Freshly released maps of the dwarf planet Ceres are showing the huge, pyramid-like mountain on it and its enigmatic bright spots, in a completely new light. These new maps have been shared by the Dawn spacecraft of NASA. For those who don’t know: the said spacecraft has been orbiting Ceres since March.

These maps will allow you to have a closer look at the elevation and compositional differences across the heavily centered planet, which also happens to be the biggest object located in the primary asteroid belt separating Jupiter and Mars.

One of the newly unveiled topographic maps focuses on a mountain referred to as “the Pyramid”. The mountain is around 6.4 km (4 miles) high. There’s another map, which has zeroed in on the Occator crater. This 90 km (56 miles) wide crater is special as its floor houses the most luminescent mysterious bright spot of the dwarf planet.

Image Credit: NASA/JPL-Caltech/UCLA/MPS/DLR/IDA

The team at Dawn has also come up with topographic and composition maps of Ceres. The topographic maps contain names of certain features on the planet’s surface that recently got approval from the International Astronomical Union. Each of those names has a unique agricultural theme. For example, a 20 km (12 mile) wide mountain close to the planet’s north pole has been named Ysolo Mons, which is basically the name of a festival celebrated in Albania to mark the first day of eggplant harvest.

The newly released maps of Ceres have been discussed vividly at this year’s European Planetary Science Conference, which is currently underway in Nantes, France. This year’s EPSC was scheduled to be held from September 27 through October 2.

When talking about the new maps at EPSC, the Dawn team members have shared one puzzling observation the spacecraft made during this ongoing mission. They said that there have been three bursts of energetic electrons emitted by Ceres. According to them, those electrons might have been generated due to interactions between solar radiation and the dwarf planet.

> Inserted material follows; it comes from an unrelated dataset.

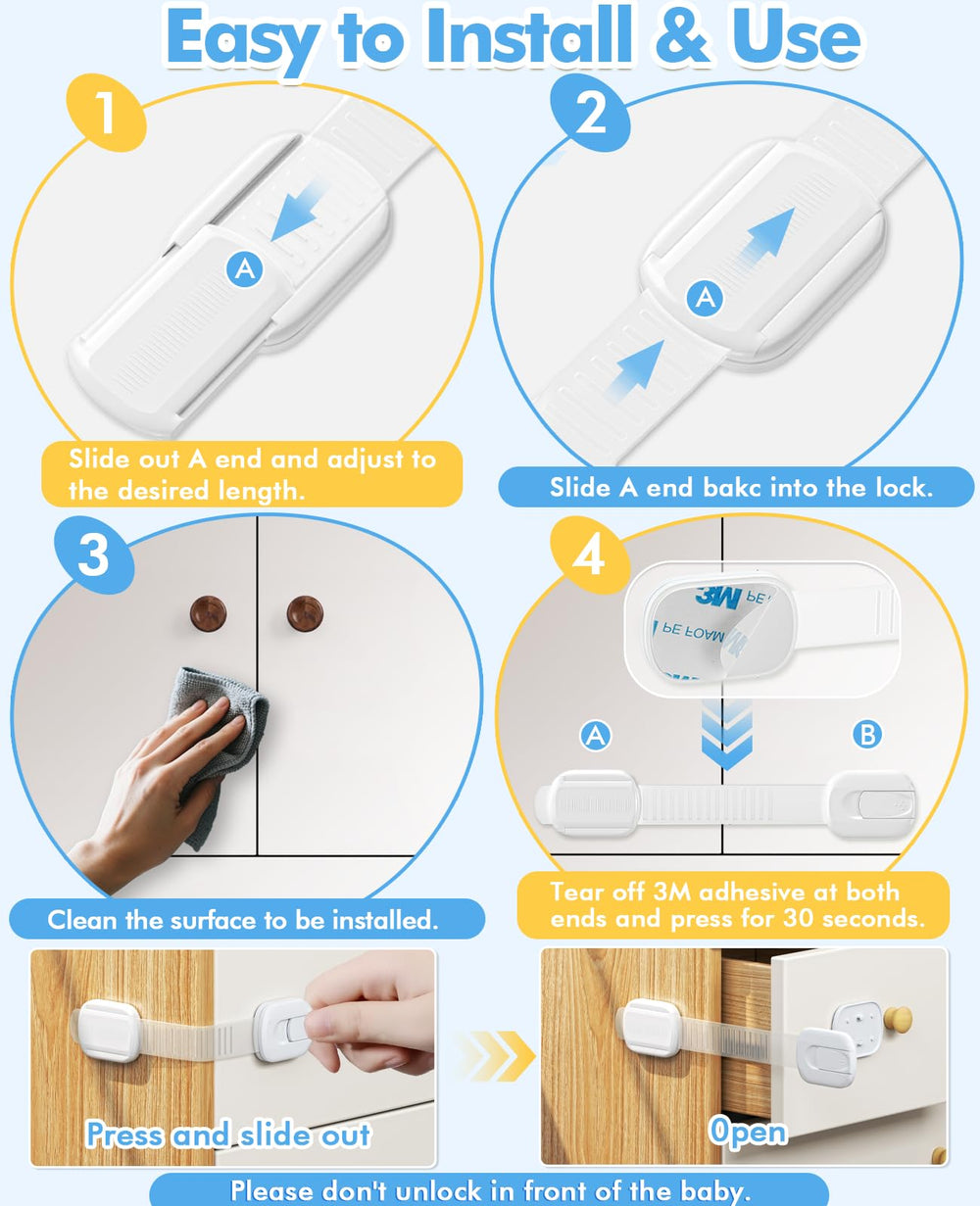 Roocickee no-drill installation cabinet lock setup on furniture.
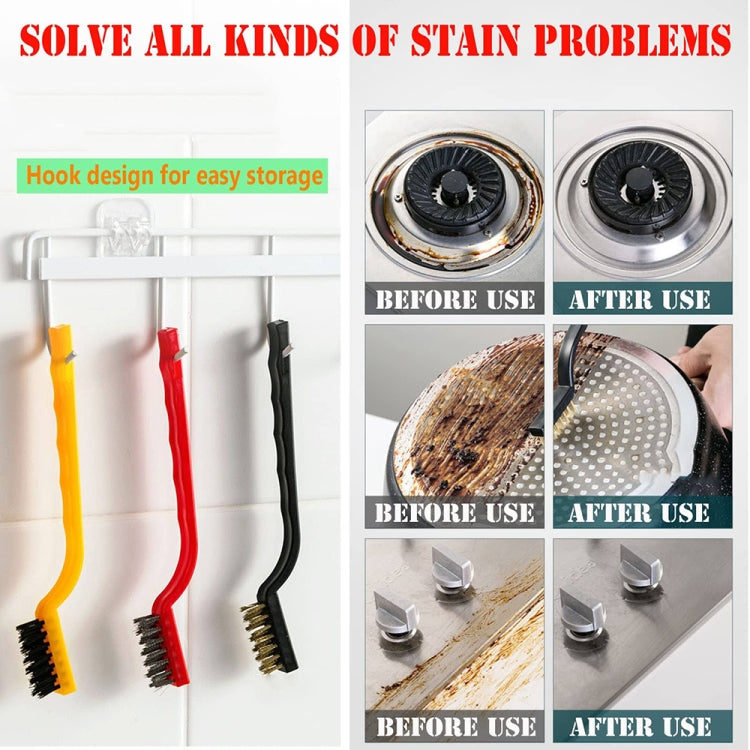 A 13-piece multifunctional kitchen stove cleaning brush set featuring various brushes and tools for effective cleaning in tight spaces.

Chris Russell, the principal investigator at Dawn, said that the team never expected to have such an observation. Russell, who is a representative of the University of California in Los Angeles, added that Ceres has not stopped its habit of leaving scientists amazed. According to him, every time experts at NASA examine images and events taking place on the dwarf planet, they come across new revolutionary facts.